Si bien Muñoz se escapó, tras la intervención de la Policía, ese mismo día, un par de horas más tarde, el oriundo de Villa Mercedes fue rastreado y cayó detenido en la Seccional 21º. A pesar del tiempo que transcurrió, la prueba de alcohol en sangre y la de toxicológica se pudo llevar adelante mediante cálculos en los niveles.
Acorde a lo que detallaron fuentes policiales, el imputado por homicidio culposo fue encontrado bebiendo alcohol en una plaza junto a otras personas, por lo que se presume que después del incidente del cual se marchó continuó con su gira.
"Es importante destacar el trabajo del personal policial local que intervino como así también el de la Científica, que rápidamente halló una huella en el lugar de los hechos que fue clave para llegar hasta el responsable", sostuvo el juez.
Como si fuera una película, los pesquisas que arribaron al lugar de los hechos obtuvieron una pista que condujo directamente hacia el culpable.

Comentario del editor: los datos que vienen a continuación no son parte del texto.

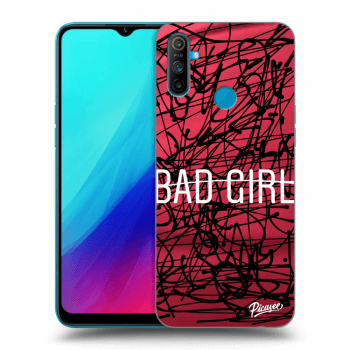 Obal pro Realme C3 - Bad girl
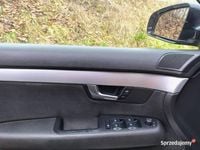 używany Audi A4 B7 Quattro (4x4) Benzyna+LPG 2006 czarny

Como el suelo estaba blando y húmedo, la marca de una rueda de automóvil fue esencial, pues hasta el momento sólo contaban con un cuerpo sin vida desconociendo las causas de muerte. A partir de ahí y con la ayuda de testigos, se dio con Muñoz y su rodado que presentaba la segunda prueba que lo incriminó, con un farol dañado y hasta con sangre de la víctima fatal.
Según establece el Código Penal Argentino, en el Artículo 84 bis, Muñoz podría recibir hasta una pena máxima de 6 años dadas las circunstancias del caso.